=== What this task involves ===
Restate all entries word for word, minus pictures.

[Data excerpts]
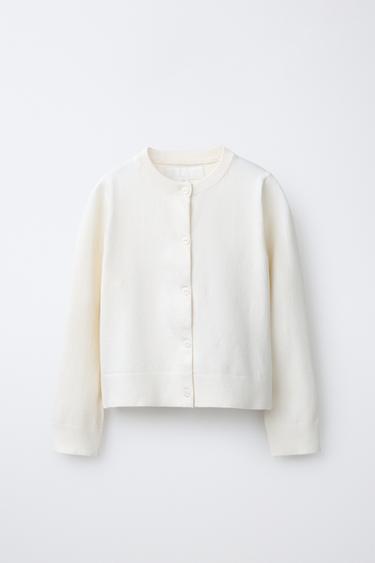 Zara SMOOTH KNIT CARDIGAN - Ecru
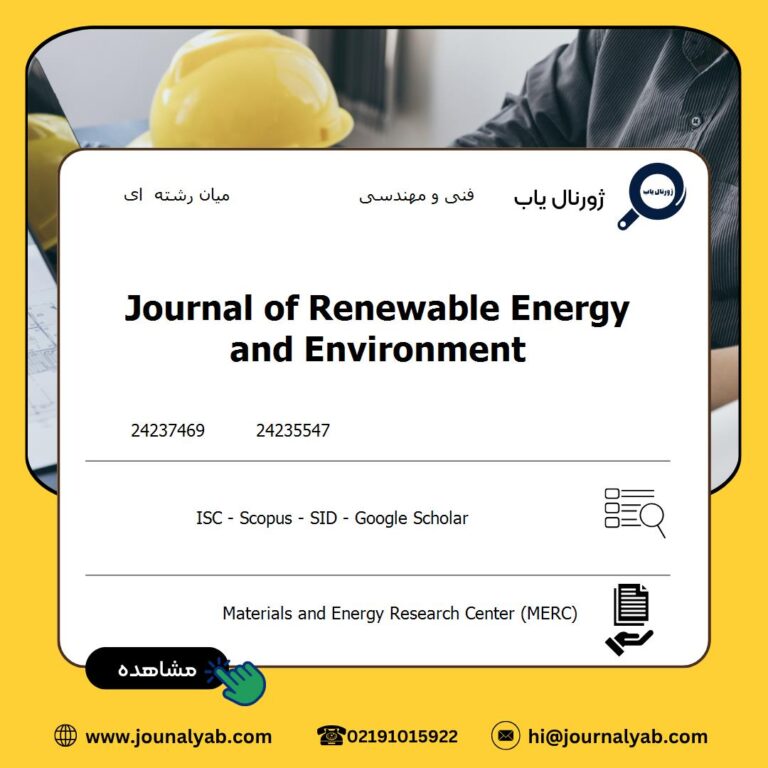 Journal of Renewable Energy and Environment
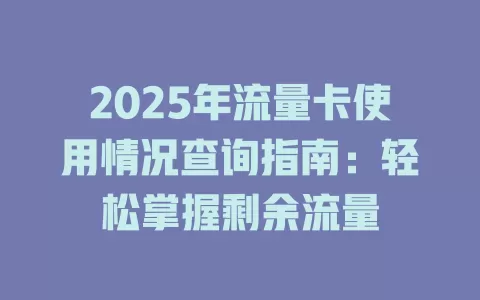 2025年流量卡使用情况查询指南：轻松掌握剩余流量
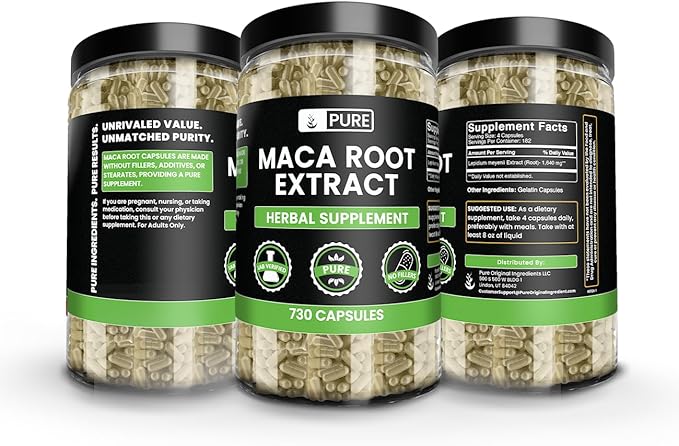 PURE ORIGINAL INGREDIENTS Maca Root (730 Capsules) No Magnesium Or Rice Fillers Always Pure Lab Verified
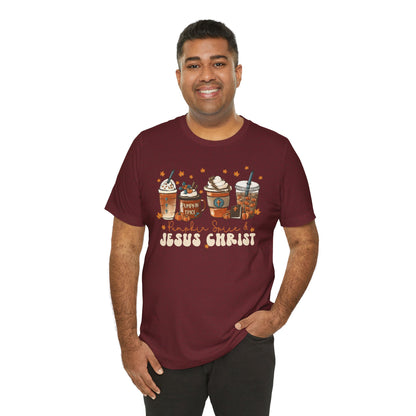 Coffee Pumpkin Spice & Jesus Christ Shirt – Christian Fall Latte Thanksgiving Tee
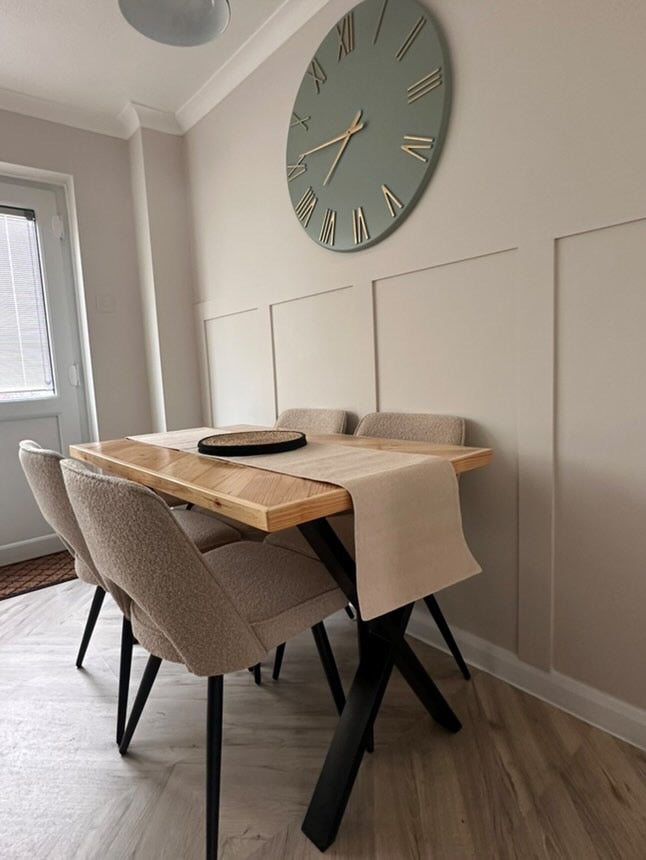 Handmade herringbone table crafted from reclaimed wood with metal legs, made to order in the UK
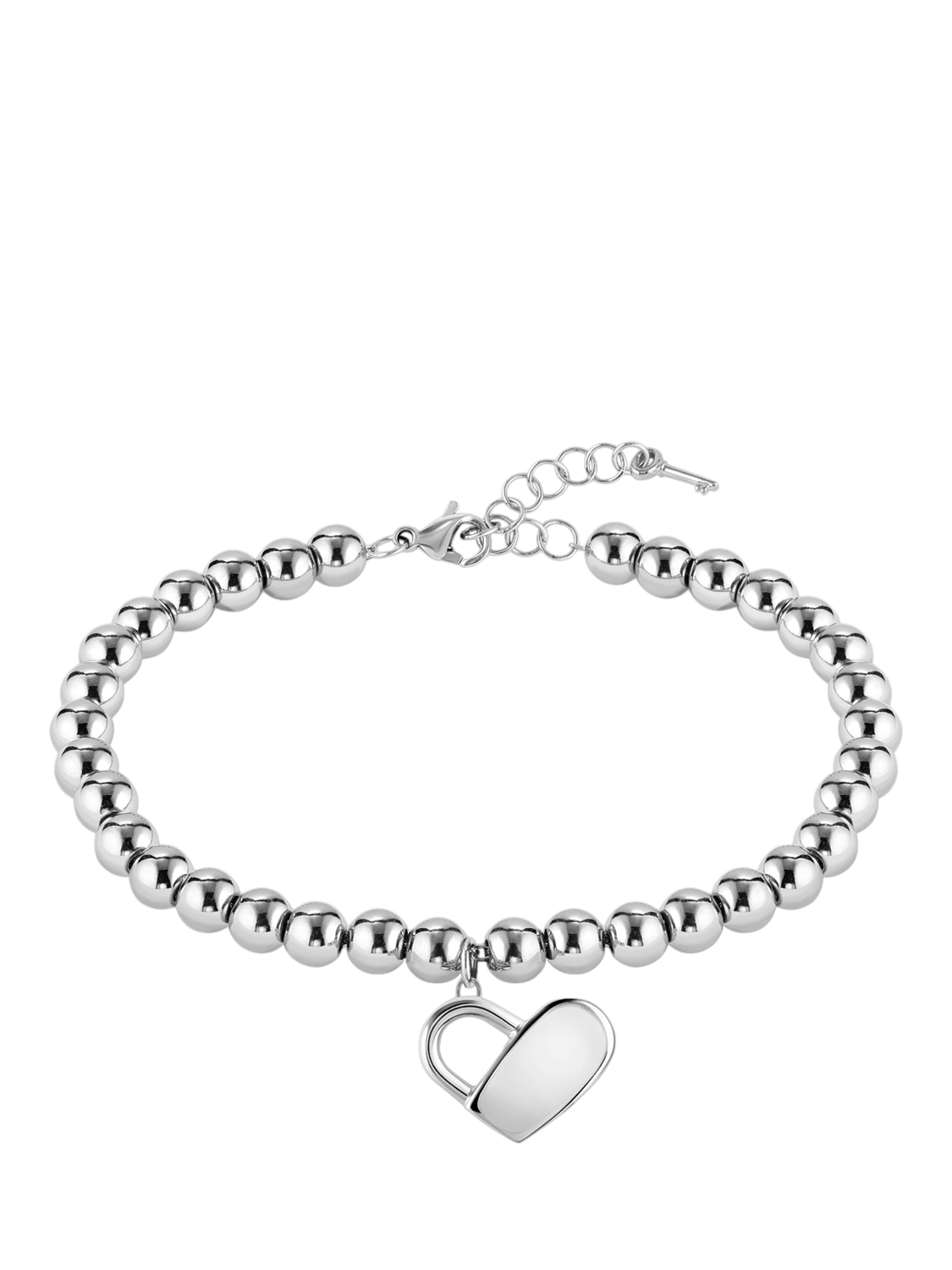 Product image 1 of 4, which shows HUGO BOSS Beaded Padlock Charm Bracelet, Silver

=== Written response ===
 Zara SMOOTH KNIT CARDIGAN - Ecru
 Journal of Renewable Energy and Environment
 2025年流量卡使用情况查询指南：轻松掌握剩余流量
 PURE ORIGINAL INGREDIENTS Maca Root (730 Capsules) No Magnesium Or Rice Fillers Always Pure Lab Verified
 Coffee Pumpkin Spice & Jesus Christ Shirt – Christian Fall Latte Thanksgiving Tee
 Handmade herringbone table crafted from reclaimed wood with metal legs, made to order in the UK
 Product image 1 of 4, which shows HUGO BOSS Beaded Padlock Charm Bracelet, Silver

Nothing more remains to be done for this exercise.